* Work required
Pictures are not part of the copy. Write out exactly the lines from the line with "Deodorante per WC Fruity Trio Denkmit" through the end of the entries below.

* Data shown

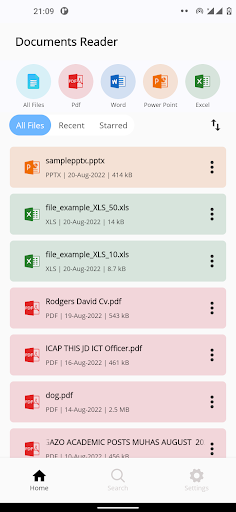 Documents Reader Screen 2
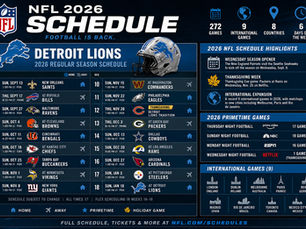 NFL Releases 2026 Schedule, With Primetime Games, Holiday Showdowns and Lions Matchups Drawing Early Attention
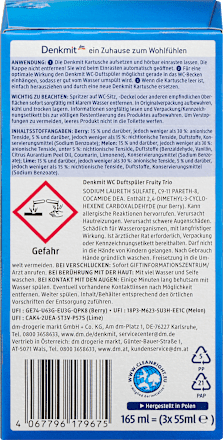 Deodorante per WC Fruity Trio Denkmit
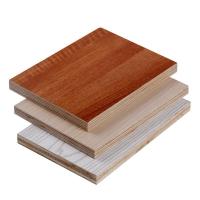 Quality CARB Certified 18mm Wood Grain Melamine Plywood For Kitchen Cabinet for sale
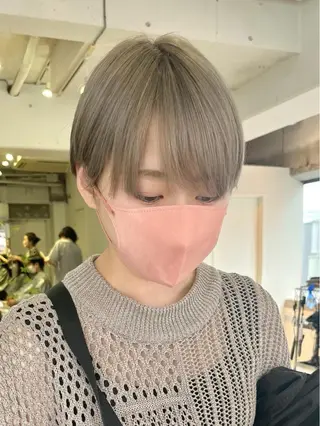 ショート カラー 🌿似合わせ透明感 カラー松本朋幸🌿のヘアスタイル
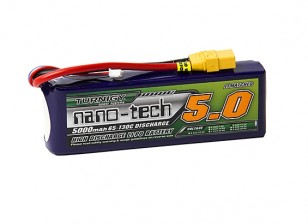 Turnigy nano-tech 5000mah 3S 65~130C Lipo Pack w/XT-90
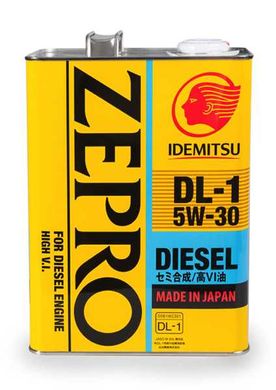 Моторное масло IDEMITSU ZEPRO DIESEL DL-1 5W30 4л 2156041 фото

* Solved problem
 Deodorante per WC Fruity Trio Denkmit
 Quality CARB Certified 18mm Wood Grain Melamine Plywood For Kitchen Cabinet for sale
 ショート カラー 🌿似合わせ透明感 カラー松本朋幸🌿のヘアスタイル
 Turnigy nano-tech 5000mah 3S 65~130C Lipo Pack w/XT-90
 Моторное масло IDEMITSU ZEPRO DIESEL DL-1 5W30 4л 2156041 фото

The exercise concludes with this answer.